Add providers and graders in your own code — no fork required — via a config file or the library API.

The Provider and Grader interfaces are the extension points. You can add either in your own project — without forking Promptopus — in two ways:

  1. A promptopus.config.mjs plugin file the CLI auto-loads.
  2. The programmatic library API (import … from 'promptopus').
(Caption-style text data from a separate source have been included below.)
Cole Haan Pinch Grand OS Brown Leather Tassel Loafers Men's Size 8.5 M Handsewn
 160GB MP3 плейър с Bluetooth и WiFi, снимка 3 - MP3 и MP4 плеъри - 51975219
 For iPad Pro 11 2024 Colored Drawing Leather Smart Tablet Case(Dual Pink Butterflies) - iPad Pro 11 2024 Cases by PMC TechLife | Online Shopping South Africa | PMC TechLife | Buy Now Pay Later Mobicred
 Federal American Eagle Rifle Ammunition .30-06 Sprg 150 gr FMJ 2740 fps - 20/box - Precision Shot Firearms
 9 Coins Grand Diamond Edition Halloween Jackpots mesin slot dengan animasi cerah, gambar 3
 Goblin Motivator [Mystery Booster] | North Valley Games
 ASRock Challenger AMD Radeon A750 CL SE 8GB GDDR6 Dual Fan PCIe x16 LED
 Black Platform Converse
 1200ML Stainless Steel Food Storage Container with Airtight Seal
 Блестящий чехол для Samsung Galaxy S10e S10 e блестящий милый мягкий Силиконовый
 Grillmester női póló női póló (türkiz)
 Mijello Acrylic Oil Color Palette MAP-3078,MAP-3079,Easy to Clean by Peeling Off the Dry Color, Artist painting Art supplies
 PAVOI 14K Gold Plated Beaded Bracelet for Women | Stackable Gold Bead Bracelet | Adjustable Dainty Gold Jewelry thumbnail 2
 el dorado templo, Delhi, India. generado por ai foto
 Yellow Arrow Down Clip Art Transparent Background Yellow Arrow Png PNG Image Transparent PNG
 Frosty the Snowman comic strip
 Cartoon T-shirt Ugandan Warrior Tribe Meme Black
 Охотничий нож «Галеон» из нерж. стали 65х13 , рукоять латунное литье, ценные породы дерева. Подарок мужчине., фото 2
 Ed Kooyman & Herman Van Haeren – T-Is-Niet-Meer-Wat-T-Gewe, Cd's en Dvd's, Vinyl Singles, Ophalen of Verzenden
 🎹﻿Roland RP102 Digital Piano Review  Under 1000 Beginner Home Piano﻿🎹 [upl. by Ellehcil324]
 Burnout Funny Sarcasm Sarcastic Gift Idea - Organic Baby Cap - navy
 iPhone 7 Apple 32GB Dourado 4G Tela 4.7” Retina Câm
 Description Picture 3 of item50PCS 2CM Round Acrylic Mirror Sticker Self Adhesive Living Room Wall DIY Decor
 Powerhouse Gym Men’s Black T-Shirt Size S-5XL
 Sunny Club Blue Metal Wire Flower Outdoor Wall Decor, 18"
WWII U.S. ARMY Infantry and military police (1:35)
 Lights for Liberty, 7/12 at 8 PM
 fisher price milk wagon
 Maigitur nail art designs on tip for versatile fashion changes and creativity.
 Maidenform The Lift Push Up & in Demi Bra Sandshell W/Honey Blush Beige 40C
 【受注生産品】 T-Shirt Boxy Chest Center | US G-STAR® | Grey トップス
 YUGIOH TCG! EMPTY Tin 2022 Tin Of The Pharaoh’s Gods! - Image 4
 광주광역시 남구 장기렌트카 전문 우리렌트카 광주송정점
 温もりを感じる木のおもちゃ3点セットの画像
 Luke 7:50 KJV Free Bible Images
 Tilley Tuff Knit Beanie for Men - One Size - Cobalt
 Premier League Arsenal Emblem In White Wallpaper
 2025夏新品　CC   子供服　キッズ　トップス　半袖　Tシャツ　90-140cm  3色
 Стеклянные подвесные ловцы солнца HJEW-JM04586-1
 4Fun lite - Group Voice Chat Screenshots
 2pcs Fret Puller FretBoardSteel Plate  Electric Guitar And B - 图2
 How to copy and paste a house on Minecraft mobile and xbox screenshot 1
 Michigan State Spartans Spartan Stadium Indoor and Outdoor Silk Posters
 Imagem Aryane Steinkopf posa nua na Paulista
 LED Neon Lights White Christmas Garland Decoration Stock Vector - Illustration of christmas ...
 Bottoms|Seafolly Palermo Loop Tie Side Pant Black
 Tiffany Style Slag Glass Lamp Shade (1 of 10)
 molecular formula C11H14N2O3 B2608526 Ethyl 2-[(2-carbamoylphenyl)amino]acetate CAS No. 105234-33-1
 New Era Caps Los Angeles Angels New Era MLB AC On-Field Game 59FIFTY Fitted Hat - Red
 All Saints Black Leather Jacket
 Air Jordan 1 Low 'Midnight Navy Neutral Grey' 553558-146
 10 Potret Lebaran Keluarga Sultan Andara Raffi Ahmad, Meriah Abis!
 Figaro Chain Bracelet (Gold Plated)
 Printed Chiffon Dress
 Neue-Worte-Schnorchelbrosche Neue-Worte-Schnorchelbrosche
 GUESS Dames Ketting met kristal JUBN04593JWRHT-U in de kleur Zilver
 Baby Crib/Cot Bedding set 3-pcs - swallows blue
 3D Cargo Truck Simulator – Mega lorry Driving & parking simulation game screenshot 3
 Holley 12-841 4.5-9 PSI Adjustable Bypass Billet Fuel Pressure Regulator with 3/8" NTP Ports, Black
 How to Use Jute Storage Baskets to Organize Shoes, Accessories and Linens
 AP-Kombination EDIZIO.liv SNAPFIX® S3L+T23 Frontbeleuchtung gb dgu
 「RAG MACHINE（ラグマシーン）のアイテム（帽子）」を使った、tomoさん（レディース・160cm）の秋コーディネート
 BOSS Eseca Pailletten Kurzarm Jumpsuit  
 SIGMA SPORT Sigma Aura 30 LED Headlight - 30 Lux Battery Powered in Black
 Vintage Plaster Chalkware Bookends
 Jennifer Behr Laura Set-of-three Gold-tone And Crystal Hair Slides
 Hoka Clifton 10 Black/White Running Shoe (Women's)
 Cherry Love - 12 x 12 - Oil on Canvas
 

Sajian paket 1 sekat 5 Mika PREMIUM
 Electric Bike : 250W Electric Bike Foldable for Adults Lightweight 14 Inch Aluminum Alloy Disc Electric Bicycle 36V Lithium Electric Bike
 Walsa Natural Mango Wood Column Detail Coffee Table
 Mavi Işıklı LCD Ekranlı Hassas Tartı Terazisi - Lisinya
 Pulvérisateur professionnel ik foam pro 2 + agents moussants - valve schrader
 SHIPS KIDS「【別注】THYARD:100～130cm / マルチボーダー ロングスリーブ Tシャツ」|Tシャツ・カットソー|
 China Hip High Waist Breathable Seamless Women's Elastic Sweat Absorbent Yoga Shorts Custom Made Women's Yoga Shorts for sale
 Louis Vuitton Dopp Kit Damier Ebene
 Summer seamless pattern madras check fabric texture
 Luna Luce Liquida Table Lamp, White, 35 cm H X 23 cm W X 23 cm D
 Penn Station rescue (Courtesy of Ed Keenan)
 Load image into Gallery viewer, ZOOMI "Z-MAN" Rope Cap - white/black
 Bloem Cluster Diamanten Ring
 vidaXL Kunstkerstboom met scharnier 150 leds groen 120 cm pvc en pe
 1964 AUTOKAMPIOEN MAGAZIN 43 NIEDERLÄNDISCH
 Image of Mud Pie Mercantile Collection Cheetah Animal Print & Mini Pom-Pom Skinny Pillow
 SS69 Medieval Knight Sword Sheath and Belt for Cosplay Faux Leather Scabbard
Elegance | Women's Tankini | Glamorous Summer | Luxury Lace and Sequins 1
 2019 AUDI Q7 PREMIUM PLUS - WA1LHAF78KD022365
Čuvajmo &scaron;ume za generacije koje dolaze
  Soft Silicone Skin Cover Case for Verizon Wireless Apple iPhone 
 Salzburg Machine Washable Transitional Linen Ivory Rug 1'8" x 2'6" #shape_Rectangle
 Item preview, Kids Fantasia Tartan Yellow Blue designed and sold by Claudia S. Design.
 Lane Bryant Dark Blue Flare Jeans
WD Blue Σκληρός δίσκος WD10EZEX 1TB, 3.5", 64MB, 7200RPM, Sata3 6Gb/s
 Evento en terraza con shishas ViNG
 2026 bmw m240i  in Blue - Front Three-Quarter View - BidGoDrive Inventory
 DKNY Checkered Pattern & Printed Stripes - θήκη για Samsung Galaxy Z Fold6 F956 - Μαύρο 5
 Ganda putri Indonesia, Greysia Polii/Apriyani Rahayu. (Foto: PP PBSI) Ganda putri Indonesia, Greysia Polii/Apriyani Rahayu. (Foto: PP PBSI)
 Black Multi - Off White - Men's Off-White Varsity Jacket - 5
Plugins via promptopus.config.mjs

Drop a promptopus.config.mjs (or .js) next to your suite. The CLI discovers it automatically (or pass --config <path>). It maps custom provider kinds and grader types to factory functions:

// promptopus.config.mjs
import { defineConfig, computeCostUsd } from 'promptopus';

export default defineConfig({
  providers: {
    // referenced in YAML as: kind: cohere
    cohere: (spec) => ({
      name: spec.name,
      model: spec.model,
      async generate(prompt, opts) {
        const start = performance.now();
        const res = await fetch('https://api.cohere.com/v2/chat', {
          method: 'POST',
          headers: {
            authorization: `Bearer ${process.env[spec.apiKeyEnv ?? 'COHERE_API_KEY']}`,
            'content-type': 'application/json',
          },
          body: JSON.stringify({ model: spec.model, messages: [{ role: 'user', content: prompt }] }),
        });
        const data = await res.json();
        const text = data.message.content[0].text;
        const tokensIn = data.usage.tokens.input;
        const tokensOut = data.usage.tokens.output;
        return {
          text,
          tokensIn,
          tokensOut,
          latencyMs: Math.round(performance.now() - start),
          costUsd: computeCostUsd(spec.model, tokensIn, tokensOut),
        };
      },
    }),
  },

  graders: {
    // referenced in YAML as: type: word-count
    'word-count': (spec) => ({
      id: `word-count(${spec.max})`,
      family: 'deterministic',
      grade: ({ output }) => {
        const n = output.text.trim().split(/\s+/).filter(Boolean).length;
        const passed = n <= spec.max;
        return {
          graderId: `word-count(${spec.max})`,
          family: 'deterministic',
          score: passed ? 1 : 0,
          passed,
          detail: `${n}/${spec.max} words`,
        };
      },
    }),
  },
});

Now use them in any suite — Promptopus validates built-in types strictly but lets custom kind/type through to your factories:

providers:
  - { name: cohere-cmd, kind: cohere, model: command-r, apiKeyEnv: COHERE_API_KEY }
cases:
  - id: c1
    prompt: "Summarize: {{source}}"
    source: "…"
    graders:
      - { type: non-empty }
      - { type: word-count, max: 60 }   # your custom grader
promptopus run my.suite.yaml          # config auto-loaded
# → • plugins: promptopus.config.mjs

The factory contracts

  • Provider factory: (spec) => Provider. spec is the YAML object (kind, name, model, and any extra fields you add). Return an object implementing generate(prompt, opts) → { text, tokensIn, tokensOut, latencyMs, costUsd }.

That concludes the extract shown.